A vos yeux, existe-il une concurrence entre le ferroviaire et l’aéronautique ?
E. C. : Non, en ce qui concerne les lignes du projet GEOFER il n’existe pas de concurrence directe. Le but de notre collaboration repose sur la maintenance des lignes régionales, dont les utilisateurs ne sont pas les mêmes que ceux des services aéronautiques. Nous cherchons justement à transposer les technologies aéronautiques dans le monde ferroviaire. C’est un projet gagnant-gagnant pour les deux filières selon moi !

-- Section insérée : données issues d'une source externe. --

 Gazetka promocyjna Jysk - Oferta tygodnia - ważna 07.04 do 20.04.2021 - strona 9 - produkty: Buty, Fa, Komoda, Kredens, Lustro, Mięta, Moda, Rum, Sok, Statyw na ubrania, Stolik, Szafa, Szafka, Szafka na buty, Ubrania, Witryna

T. C. : L’évolution technologique autour de la géolocalisation satellitaire a été mise en œuvre dans le domaine aéronautique, beaucoup d’avions opèrent déjà des atterrissages automatiques grâce aux données que leur fournissent les satellites. Aujourd’hui, c’est au tour du ferroviaire d’accéder à ces solutions. Les technologies et systèmes spatiaux mis au point par le CNES peuvent profiter aussi bien à l’aéronautique qu’au ferroviaire, et je dirais même à la voiture du futur. Quand un véhicule autonome se garera, il aura besoin d’informations sur son positionnement à quelques décimètres près, comme des systèmes de localisation basés sur Galileo seront capables de fournir.
Vers où cette technologie nous emmène ?
E. C. : SNCF réfléchit à une exploitation et une conduite plus automatisée des trains afin d’accroitre les performances et la régularité du système ferroviaire français. Certes, la technologie satellitaire seule ne suffira pas pour faire circuler les trains ; cependant, elle reste une brique technologique importante. Si nous la combinons avec d’autres technologies, elles aussi issues du domaine aérospatiale comme des centrales inertielles, le développement de trains autonomes sera possible. Nous collaborons déjà avec la Deutsche Bahn sur ce sujet.

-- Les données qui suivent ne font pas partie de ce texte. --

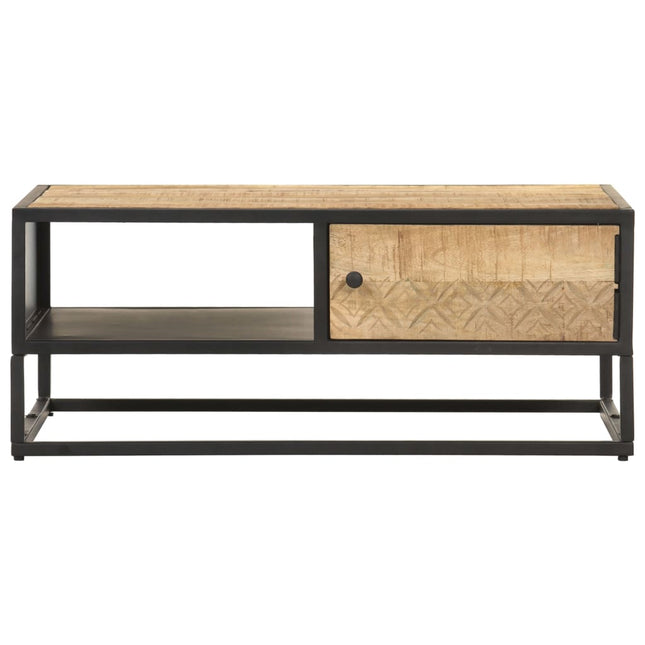 sofabord med udskåret låge 90x55x36 cm ru mangotræ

T. C. : Quand les trains sont géolocalisés en permanence, nous pouvons imaginer embarquer des capteurs mesurant des paramètres techniques de la voie sur les trains en service commercial et ainsi repérer précisément les données recueillies. SNCF pourra ainsi réaliser un suivi très fin de l’évolution de ces paramètres, et développer encore davantage la maintenance prédictive.
Le projet GEOFER s’inscrit dans un vaste écosystème de technologies Rail et Espace, dont le comité de coordination est co-présidé par les présidents Guillaume Pepy et Jean-Yves Le Gall.